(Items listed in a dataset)
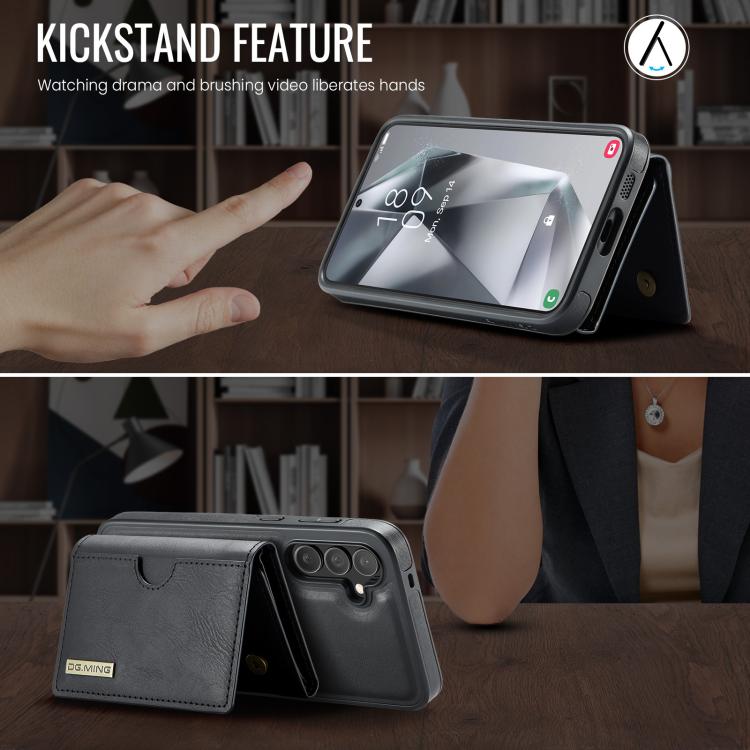 For Samsung Galaxy S25 5G DG.MING M6 Series RFID Tri-fold Card Bag Removable Leather Phone Case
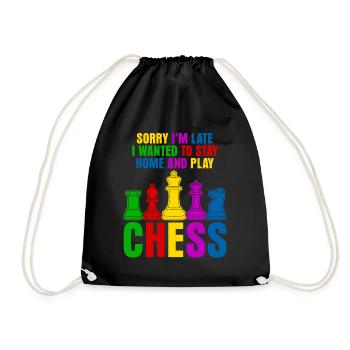 Funny Chess Pieces - Turnbeutel - Schwarz - Vorne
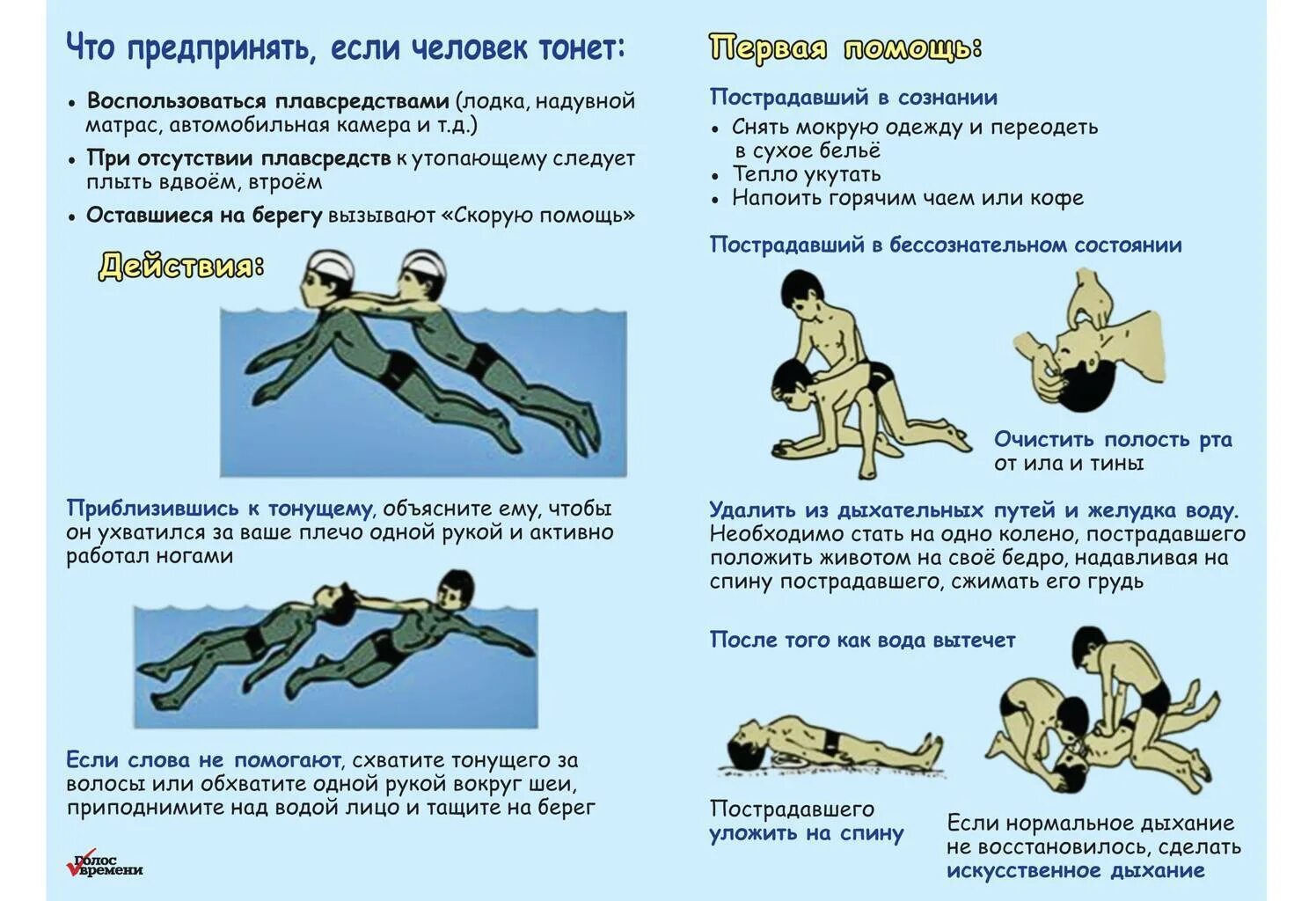 Каковы приемы первой помощи при спасении утопающего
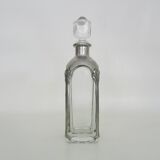 Magnificent crystal and silver-plated metal carafe bottle.
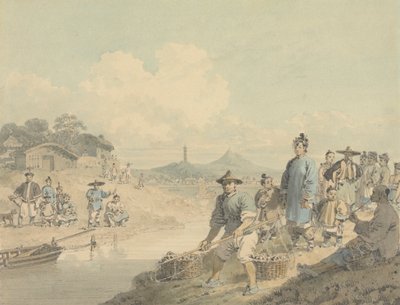Uitzicht in China: Figuren met Pagode en Berg door William Alexander
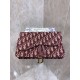 Dior Saddle Chain Pouch In Bordeaux Dior Oblique Jacquard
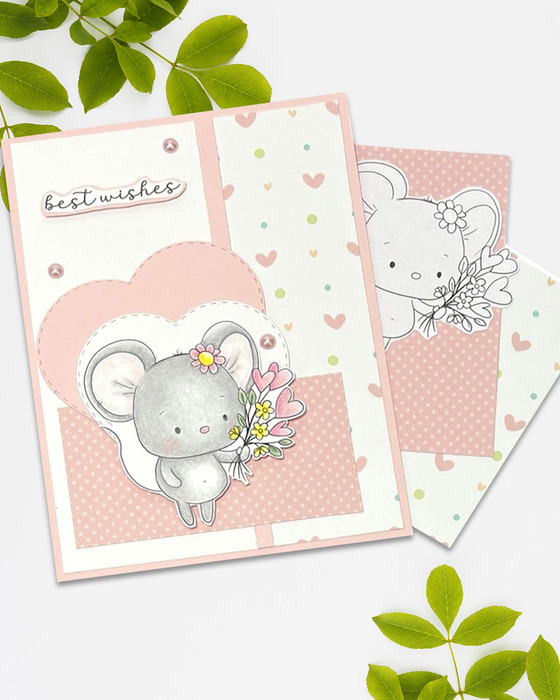 Mouse with flowers cute digital stamp & clipart for card making, craft, scrapbooking.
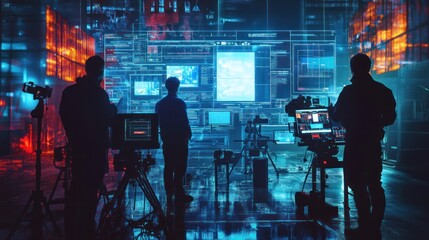 Leinwandbilder - Film crew works in futuristic control room with holographic displays.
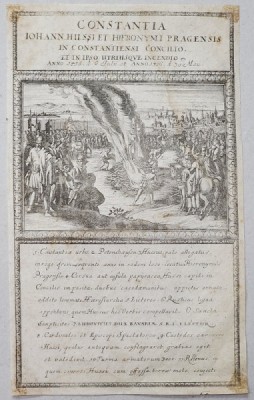 MARTIRIZAREA LUI JAN HUS , GRAVURA SEMNATA &amp;#039;&amp;#039; DAUCHER &amp;#039;&amp;#039; , SECOLUL XVII foto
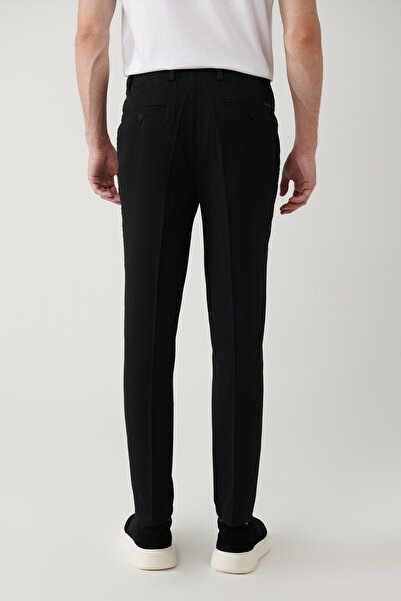 Avva Erkek Siyah Beli Lastikli Esnek Kumaşlı Armürlü Slim Fit Pantolon A41Y3200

EXERCISE REQUIREMENTS:
Set down exactly and only the lines from the start of the entries above through the line containing "Dior Saddle Chain", both ends included, omitting the pictures.

SOLUTION TO THIS EXERCISE:
 For Samsung Galaxy S25 5G DG.MING M6 Series RFID Tri-fold Card Bag Removable Leather Phone Case
 Funny Chess Pieces - Turnbeutel - Schwarz - Vorne
 Каковы приемы первой помощи при спасении утопающего
 Magnificent crystal and silver-plated metal carafe bottle.
Uitzicht in China: Figuren met Pagode en Berg door William Alexander
 Dior Saddle Chain Pouch In Bordeaux Dior Oblique Jacquard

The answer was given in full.